Des peuples bien moins puissants que l'URSS ont montré qu'il n'était pas nécessaire de posséder de bombes atomiques pour s'opposer efficacement aux plus grandes puissances, y compris les USA Ces peuples il est vrai, tels l'Algérie et Cuba, disposaient de la formidable, de l'infinie puissance des peuples révolutionnaires. Puissance dont n'est pas dépourvu le peuple russe, mais que ses dirigeants craignent beaucoup plus que les armes nucléaires d'en face. Le choix qu'ils viennent de faire en est une nouvelle preuve. Parce que, par ailleurs, comment les dirigeants qui se disent socialistes, comment des dirigeants qui disent espérer « que les peuples, notamment ceux des pays impérialistes entendent cet appel (du Congrès Mondial pour le désarmement et pour la paix) et y répondent en décuplant leur lutte... » (Éditorial Humanité du 23.7.62) peuvent-ils concilier cela avec la menace d'utiliser contre ces mêmes peuples (sinon contre qui donc) des armes de destruction massive et aveugle. Parler d'utiliser de telles armes c'est avouer que l'on renonce définitivement à s'appuyer en cas de guerre sur le prolétariat et la population des pays impérialistes adverses. Il faut dire que ce n'est pas une découverte et que nous le savions déjà par l'attitude de l'URSS dans la dernière guerre mondiale.

Mais s'il est vrai qu'il y a de toute chose une leçon à tirer, ces expériences peuvent ne pas servir qu'aux ingénieurs atomistes. Partout, les dirigeants du monde, grands ou petits, ne comptent que sur la force pour faire valoir leurs « droits ». Même l'Egypte ne tient pas à rester à l'écart, et elle tente au moins de faire régner sa loi dans un rayon de 600 km. Pour futiles que paraissent les espoirs des gouvernants français dans le domaine atomique, il faut remarquer que ces espoirs ont été partagés par tous les dirigeants français qui se sont succédé à la barre du pays depuis dix ans. C'est de Gaulle qui a fait exploser la première bombe A française mais c'est Mendès-France qui l'avait décidée. Et pour Pierrelatte, Servan Schreiber, porte-plume du dernier nommé, expliquait gravement dans un récent « Express » que ce qui était mauvais n'était pas Pierrelatte en soi, car il n'est de rayonnement que nucléaire, mais que la bombe H soit aux mains de de Gaulle.

Pour les prolétaires, pour les peuples asservis, ce doit être un exemple. point de droit sans la force. l'humanité est sortie des cavernes mais n'est pas encore sortie de la barbarie. ce n'est pas par des mots, par des suppliques, des pétitions ou des bulletins de vote que nous mettrons fin à la terreur atomique, aux guerres petites ou grandes, et que nous conquerrons notre émancipation.

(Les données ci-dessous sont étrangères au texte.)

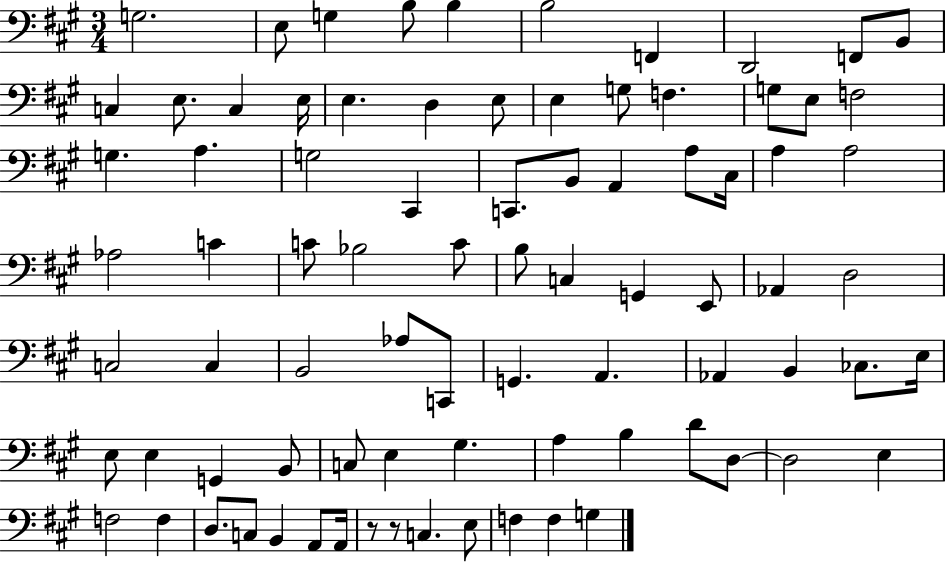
G3/h. E3/e G3/q B3/e B3/q B3/h F2/q D2/h F2/e B2/e C3/q E3/e. C3/q E3/s E3/q. D3/q E3/e E3/q G3/e F3/q. G3/e E3/e F3/h G3/q. A3/q. G3/h C#2/q C2/e. B2/e A2/q A3/e C#3/s A3/q A3/h Ab3/h C4/q C4/e Bb3/h C4/e B3/e C3/q G2/q E2/e Ab2/q D3/h C3/h C3/q B2/h Ab3/e C2/e G2/q. A2/q. Ab2/q B2/q CES3/e. E3/s E3/e E3/q G2/q B2/e C3/e E3/q G#3/q. A3/q B3/q D4/e D3/e D3/h E3/q F3/h F3/q D3/e. C3/e B2/q A2/e A2/s R/e R/e C3/q. E3/e F3/q F3/q G3/q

C'est par la force. Et dans ce sens aucun effort n'est ridicule. De Gaulle et Nasser n'ont aucun espoir de parler aussi haut et aussi fort que les plus Grands, mais ils savent qu'ils doivent s'armer pour pouvoir ne serait-ce que parler dans le monde qui est le leur.

De même le prolétariat. Ce n'est pas parce qu'il ne peut pas disposer pour le moment d'armes même « conventionnelles », qu'il ne doit pas s'apprêter moralement au combat. Dans sa situation particulière, et finalement privilégiée, une fois cela fait, les armes viendront toutes seules.

« Qui veut la paix, prépare la guerre » disent les Grands pour justifier leur politique d'armement. Nous devons le dire aussi, mais pas préparer la même guerre, tout simplement.